What troubles me the most, I think, is the fact that even some libertarian-bent (and usually sound) writers have been throwing a fuss over the fact that one in five residents does not speak English at home, finding ways to make it a “problem.” But why does it matter? Many even lament that at some point, it was easier to assimilate immigrants, explaining how, in three generations, immigrants went from monolingual in one language, to bilingual, to monolingual in English. The fact that this three-step, massive assimilation was only possible with a vast compulsory, state-run, national, English-only, and unconstitutional school system escapes the minds of the many who view the cultural war solely as a consequence of recent immigration and who perceive bilingualism as a disease these people bring with them.

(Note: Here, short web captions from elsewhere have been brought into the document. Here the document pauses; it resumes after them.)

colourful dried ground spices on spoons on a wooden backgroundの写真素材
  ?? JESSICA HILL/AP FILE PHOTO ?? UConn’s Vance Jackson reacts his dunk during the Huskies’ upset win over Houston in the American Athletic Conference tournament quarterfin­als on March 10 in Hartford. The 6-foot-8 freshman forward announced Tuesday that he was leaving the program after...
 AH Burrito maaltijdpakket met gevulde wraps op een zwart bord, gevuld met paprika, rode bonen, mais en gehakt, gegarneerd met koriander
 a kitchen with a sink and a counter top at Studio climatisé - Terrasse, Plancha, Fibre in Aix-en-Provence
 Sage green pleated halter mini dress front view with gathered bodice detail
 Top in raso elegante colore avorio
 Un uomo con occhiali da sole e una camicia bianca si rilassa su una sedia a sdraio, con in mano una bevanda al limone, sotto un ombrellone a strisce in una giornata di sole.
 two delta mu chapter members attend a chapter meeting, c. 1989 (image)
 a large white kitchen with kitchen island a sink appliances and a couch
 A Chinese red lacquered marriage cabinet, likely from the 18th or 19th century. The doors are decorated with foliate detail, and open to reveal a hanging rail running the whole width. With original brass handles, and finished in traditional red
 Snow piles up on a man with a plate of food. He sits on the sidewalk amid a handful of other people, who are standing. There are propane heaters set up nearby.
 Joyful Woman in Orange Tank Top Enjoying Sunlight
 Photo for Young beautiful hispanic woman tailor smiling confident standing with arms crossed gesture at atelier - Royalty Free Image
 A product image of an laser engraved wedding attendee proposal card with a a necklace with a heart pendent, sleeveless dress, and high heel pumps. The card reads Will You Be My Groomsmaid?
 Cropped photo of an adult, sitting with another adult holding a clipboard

This being said, I'm not trying to dismiss the impact of massive immigration on the growth of the state, which I, too, view as completely out of control. I must add, though, that contrary to popular belief, the United States is not the only country where massive immigration of parasites is creating problems. “They all want to come here,” as far as I can tell, is just another state-created, media propagated myth. Just ask Canadians and French how they feel about immigrants and they'll sing the same song… “They all want to come here, there are too many of them, they cost too much, they come here to depend on the state, they keep their culture, they don't learn the language, blah, blah, blah.” (Need I mention that by going to Canada or France, immigrants have automatic access to their “free” universal health care coverage and many other freebies, which they do not receive by coming to the US?) Clearly, the larger the welfare state, the more immigrants will contribute to its growth.

Furthermore, as others and I have pointed out, state-run immigration is nothing but a racket, which allows the state to hand pick its customers, play the lottery with people's lives, teach them servitude to the state and admiration for Lincoln as part of the “becoming-a-citizen” routine (see “an u2018alien' patriot“), while for years, it deprives perfectly functional (English-speaking) human beings from any participation in the political process with its mandatory waiting period for this or that. Frankly, I would not be surprised if the INS was currently turning down an Einstein or a Mises, or many like them for that matter, at the border because they do not fit the “perfect immigrant” profile. Must they, too, be blamed for the ill workings of the American immigration system?

In truth, what we have today is state-induced diversity (through immigration), followed by state-mandated uniformity (through the school system). In any case, this can only be the recipe for yet another state-orchestrated disaster. Immigrants used to come here expecting nothing but the chance to pursue happiness; they knew they had to catch it themselves. They came here to be free, not to be free of responsibilities. Come to think of it, isn't the fact that immigration prompts the state to grow so much precisely a sign that immigrants are assimilating just fine into the neo-American culture, of entitlements that is? Yeah, well, when in Rome…

Notes

  1. Jean Grosjean, Life With Two Languages: an Introduction to Bilingualism (Cambridge: Harvard University Press, 1982), 223.
  2. Ibid., 222.
  3. Vermilion Historical Society, History of Vermilion Parish, (Vermilion Historical Socitety, 1983), 64.
  4. MEYER v. STATE OF NEBRASKA, 262 U.S. 390 (1923).
  5. Ludwig von Mises, Liberalism: the Classical Tradition (New York: Foundation for Economic Education, 1996), 114–15.